The 2011 Senate Subcommittee report said the massive downgrades made by the credit ratings agencies a few months before the financial meltdown "precipitated the collapse of the residential mortgage backed-securities and CDO secondary markets" since the changes were "unprecedented in number and scope." The report added that "more than any other single event (the downgrades) triggered the beginning of the financial crisis."

If the Wall Street Journal's latest article alleging the Justice Department and state prosecutors are about to file civil charges against S&P over mortgage bond ratings, then it seems the Senate Subcommittee's findings are coming back to life, albeit two years after the Congressional investigators first released those findings. CNBC elaborated on the WSJ report, alleging the lawsuit involves 30 triple-A rated CDOs.

S&P was not available to immediately comment Monday afternoon.

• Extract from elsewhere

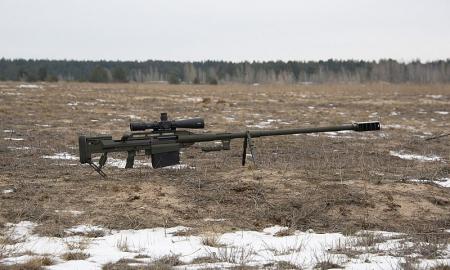 Ukrainos snaiperis pasiekė neįtikėtiną rekordą: priešo kariai nukauti iš 4 kilometrų atstumo (Video)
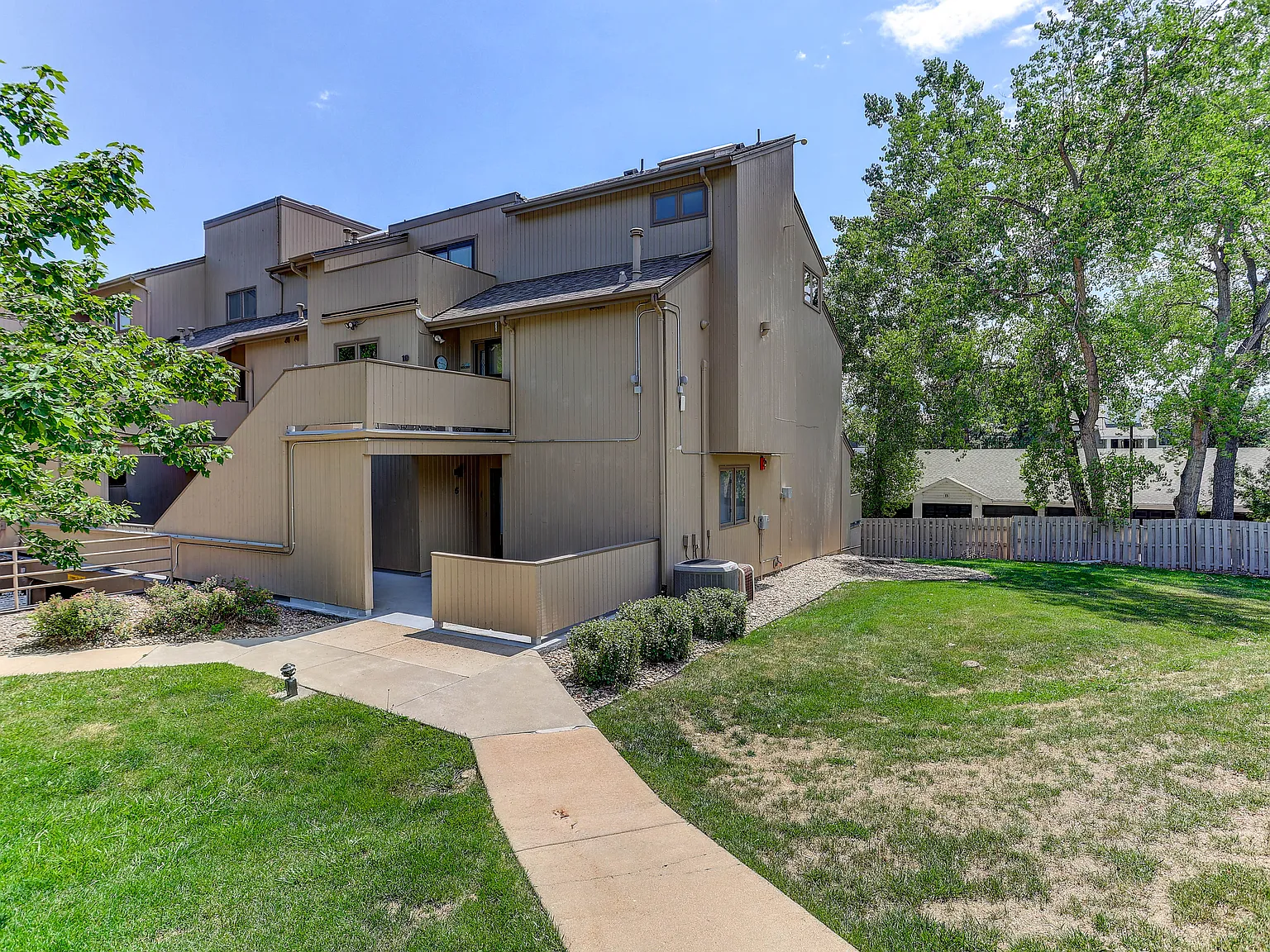 2938 Kalmia Ave — Photo 3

But early on, the credit rating agency pushed back against the 2011 report placing blame on the credit rating agencies.

"As we have said many times, we have been disappointed by the performance of our ratings on certain mortgage-related securities," S&P said back in 2011.

"The actions we took to downgrade U.S. RMBS and CDOs in 2007 and 2008 reflected the unprecedented deterioration in credit quality, but were not a cause of it.  We regret that, like many others, we did not foresee the speed and extent of the housing downturn."

What's most interesting about the potential civil charges is that it has been nearly two years since the report came out of the Senate, placing blame on investment banks, rating agencies and other parties tied to mortgage bond issues.

The question is what else in the report will eventually resurface as potential civil charges or parties to a massive settlement? And why just S&P? If Moody's was named in the original Senate report, will additional ratings giants find themselves named in suits filed by the government?

It seems the further we get from the financial crisis, the more we hear about the alleged transgressions of yesterday.